Cortés fez com que cada homem lutasse não em benefício próprio, mas em homenagem a algo maior, em muito superior ao “eu”, ao individualismo.

A meta de cada um haveria de ser, como de fato o foi, a defesa da Espanha, então, naquele lugar, legítima porta-voz da Verdade.

Aqueles homens até poderiam ter sonhos de tesouros e riquezas, mas certamente não foram movidos por isso e, sim, pelo senso de dever.

A glória de Deus, o triunfo do Reino e a vitória sobre os inimigos eram os objetivos de Cortés, os alvos a serem atingidos por seu pequeno e corajoso exército. Longe de ser quixotesco, para ficar noutro exemplo espanhol, Cortés foi brilhante, foi destemido, foi altruísta, porquanto deixou de lado o “eu” e colocou em primeiro lugar o “nós”, com objetivo de defender o “eles”, ou seja, cada pessoa do reino espanhol.

O discurso de Cortés ensina exatamente isso, o verdadeiro espírito do guerreiro, a essência do indivíduo convicto de um nobre ideal e determinado a alcançá-lo, sem poupar esforços, sem perder tempo com lamentações ou temores, sem espaço para a tibieza. Um discurso que reclama meditação e convida a cada um vencer suas próprias limitações e fraquezas.
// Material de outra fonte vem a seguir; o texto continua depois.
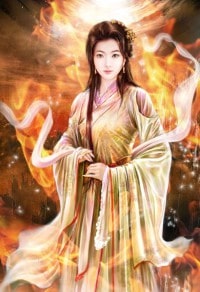萧十一郎同人青丝如玉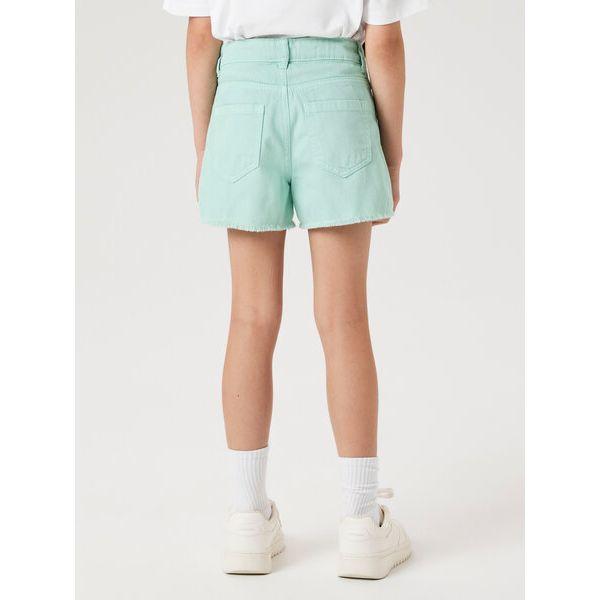 SALE I Kurze Hose - Name It - 3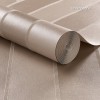 Graham & Brown | Baroque Bead Wallpaper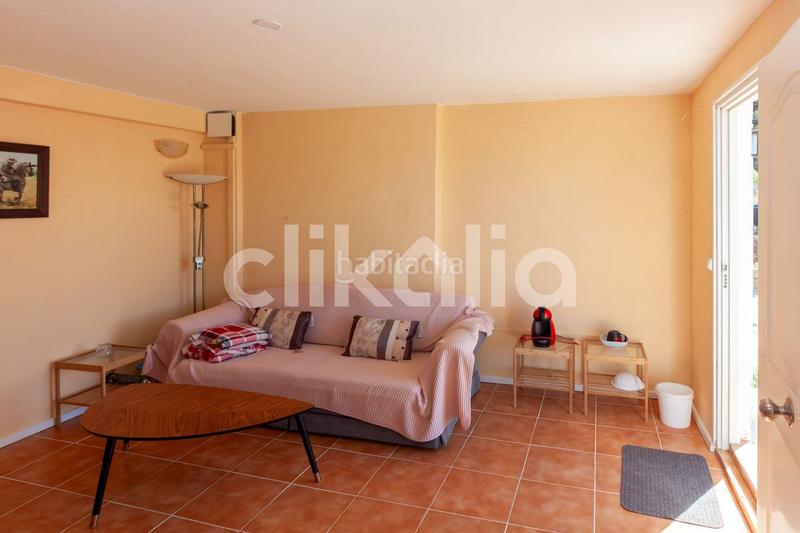 Foto 39ac82d0-2696-4fc6-80af-25ae5f1c5117. Chalet mit heizung parking pool in La Loma-Las Lomas Náquera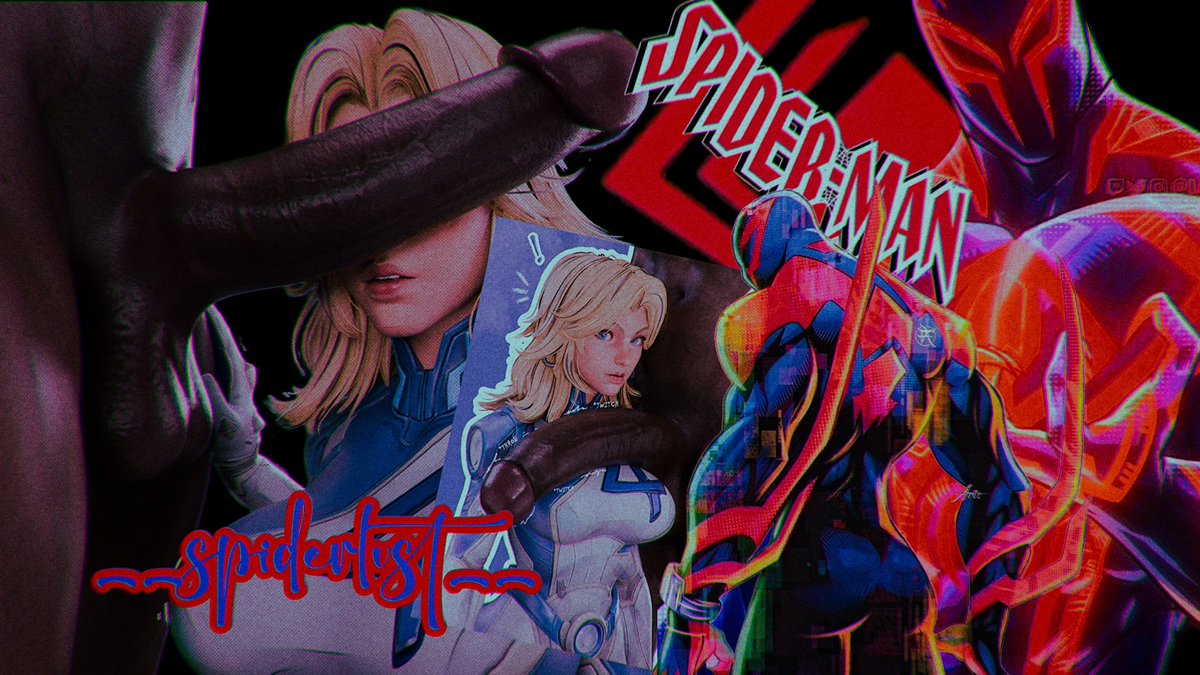 𝐌𝐈𝐆𝐔𝐄𝐋 𝕺'ʜᴀʀᴀ ! tweet media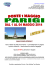 Hotel PLAZA OPERA 3* volo di linea ALITALIA da Roma +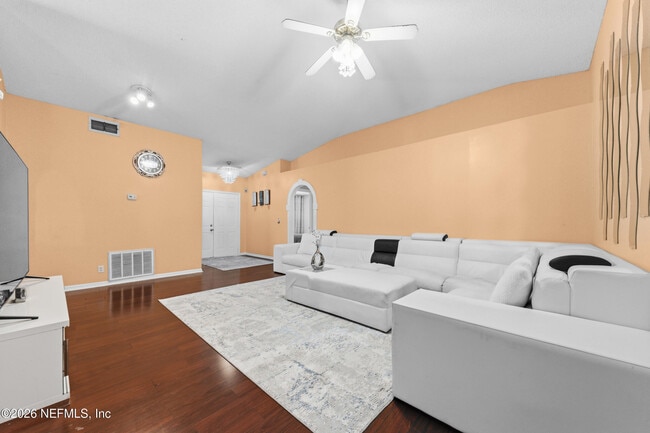 Building Photo - 2656 Lantana Lakes Dr E
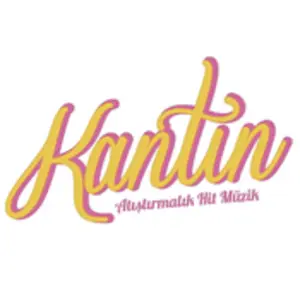 Kantin FM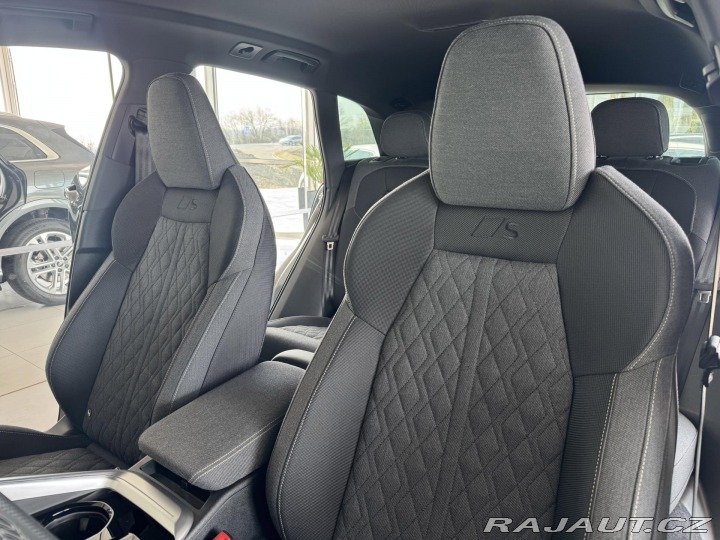 Audi Q5 TFSI Quattro*S-LINE*REZER 2025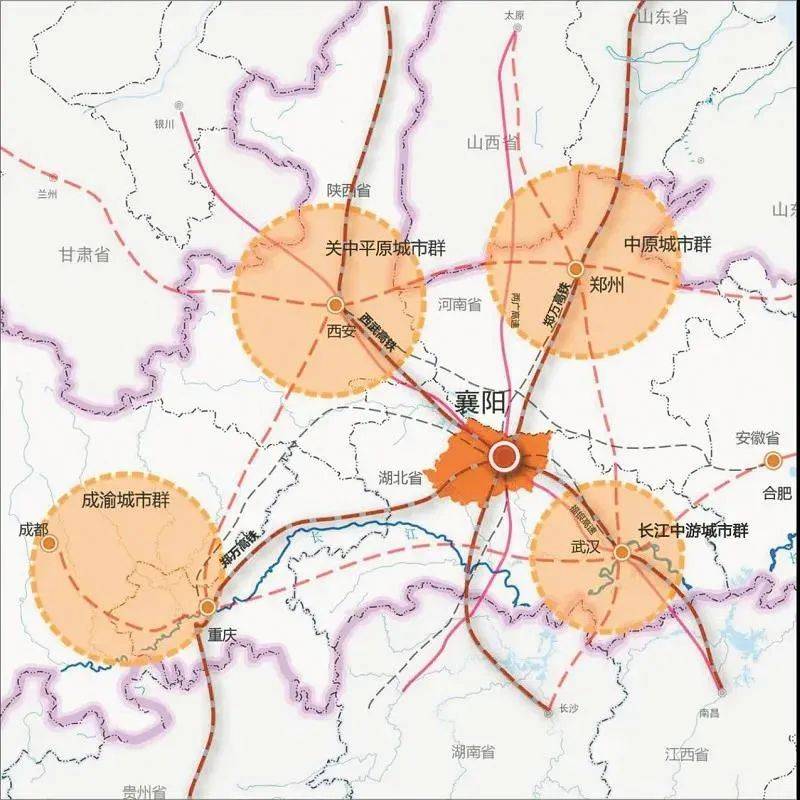 十四五规划主要内容包括新能源吗 cbb3cfebc5cc410aa60a8523af7ec605.jpeg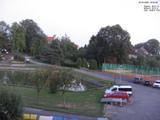 19 : 44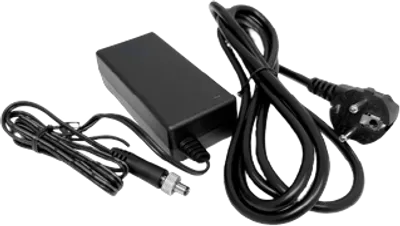 PSU per Balance Two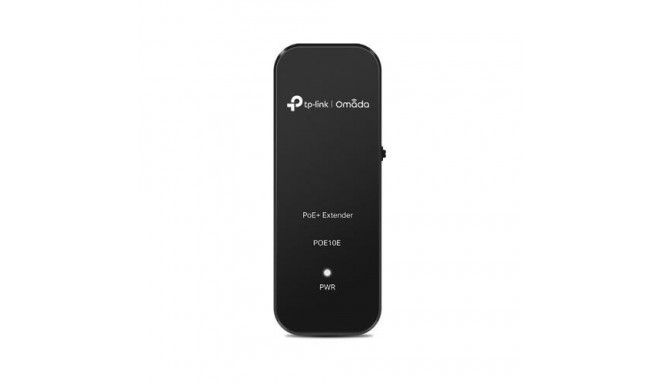 TP-Link Omada Fast Ethernet PoE+ Extender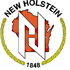 NEW HOLSTEIN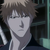 :iconshininggreymoon: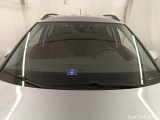  Seat  Arona SEAT  1.0 TSI 81kW DSG Move 5d #29
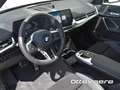 BMW X1 sDrive18iA M Sport - ACC | Camera | Comfort Access Gris - thumbnail 5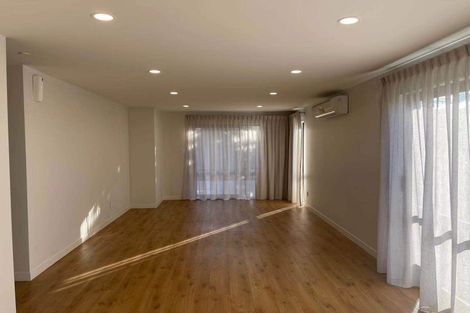 Photo of property in 8 James Mcleod Way, Silverdale, 0932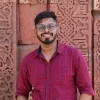 BISWAJIT HALDER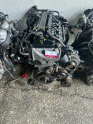 Honda civic fb7 1.6 Orjinal motor düşük km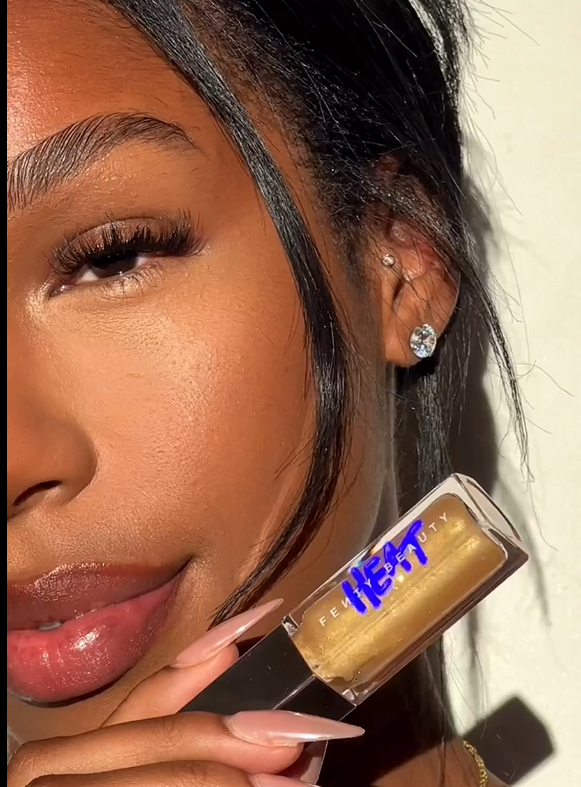 lip combos for black girls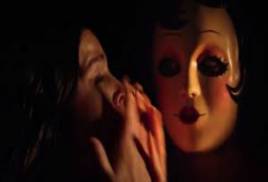 The Strangers: Prey at Night 2018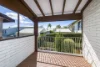 2/13 Lockhart Street, Como, WA 6152-Image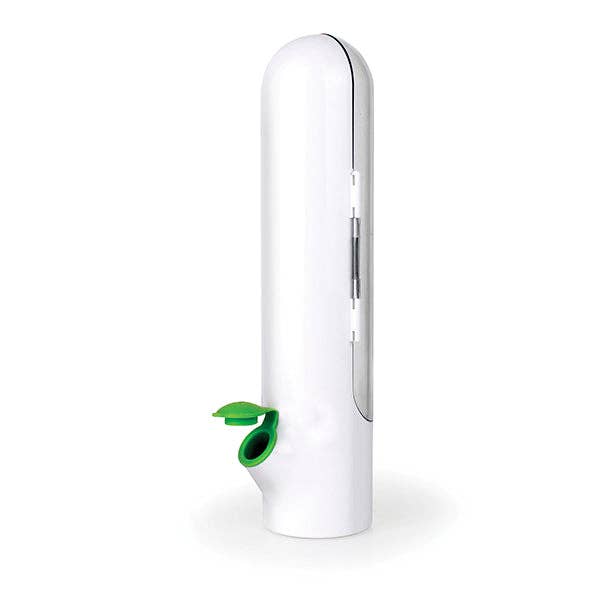 Herb Savor Pod 2.0 - Single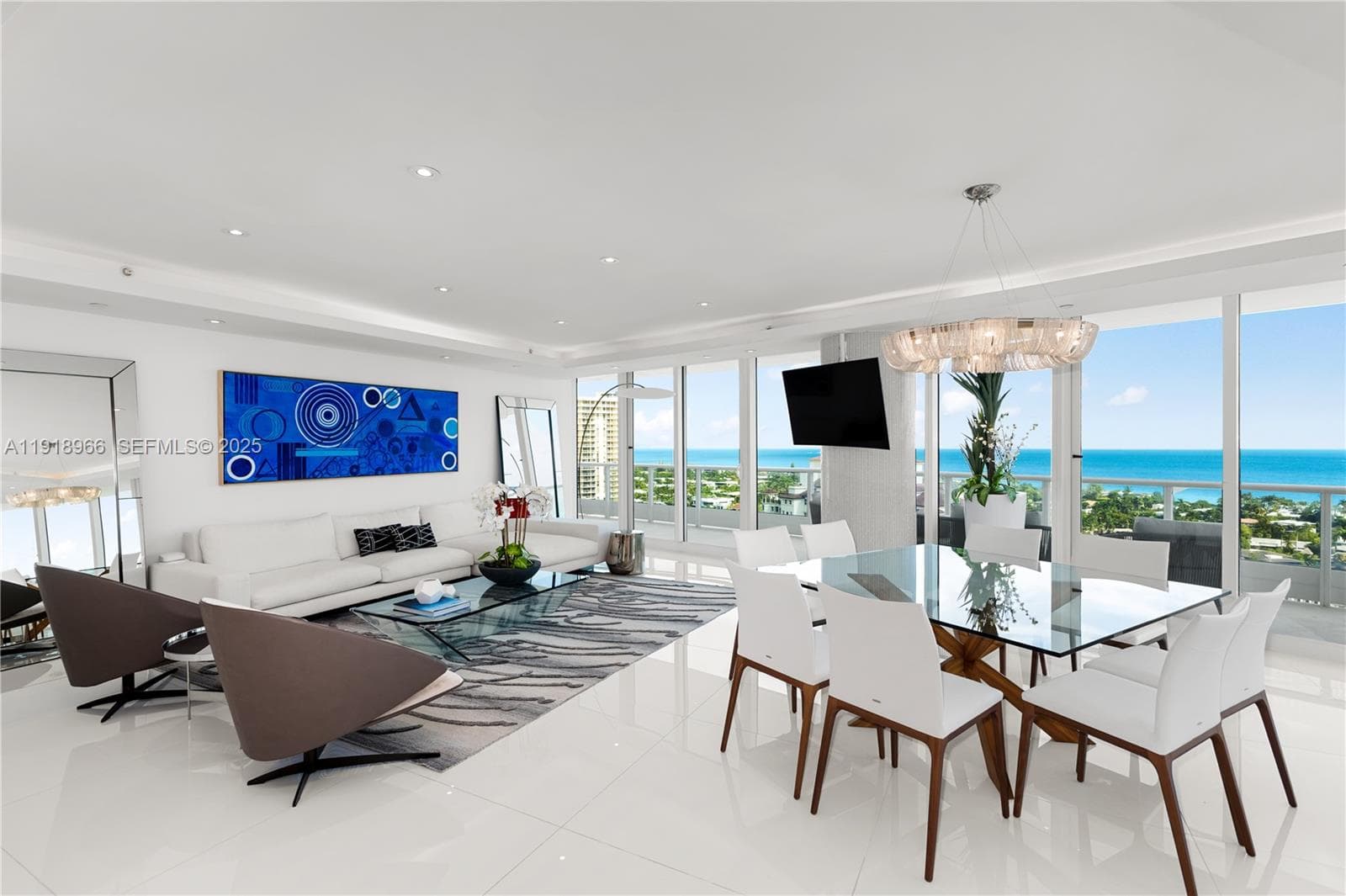 19955 38th Ct 2205 photo 1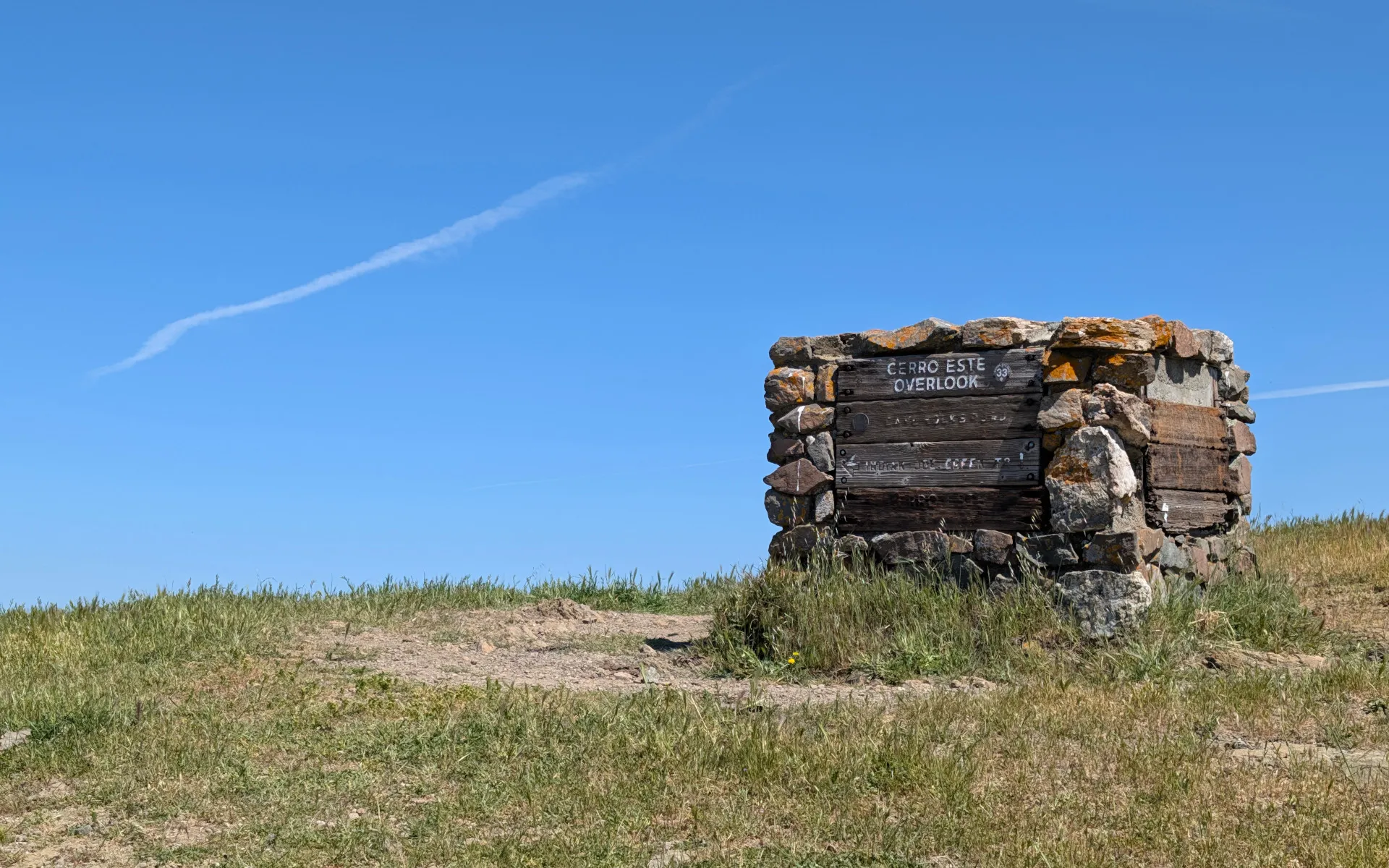 Sunol Wilderness - photo 4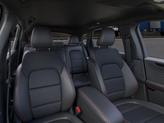 Thumbnail of 2026 Star White Ford Escape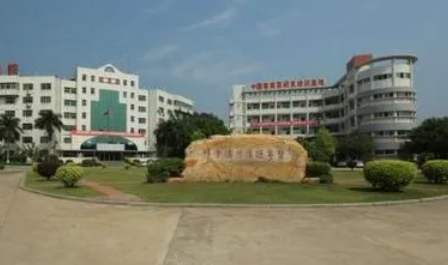 2023梅州護(hù)理學(xué)校有哪些 梅州護(hù)理學(xué)校名單一覽表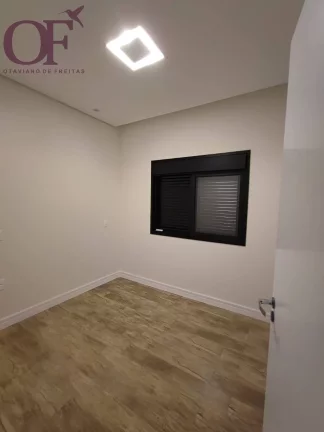 Imagem Ótima casa térrea Gran Ville São Venâncio - Itupeva-SP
Espero que a discurso de Cortés, extraído do Livro 100 Discursos Históricos (Editora Leitura, Belo Horizonte, 2002), de Carlos Figueiredo, possa ser útil ao amigo leitor, uma ferramenta para as lutas difíceis do cotidiano.

Ao aproximar da quadra final do ano, acredito ser relevante um balanço dos erros e dos acertos para a correção de rumo e a abertura de boa perspectiva para o futuro imediato. Para tanto, na melhor do que o exemplo de quem venceu o improvável para injetar aquela dose a mais de força na musculatura do nosso espírito.

De Salamanca, 14 de janeiro de 2023.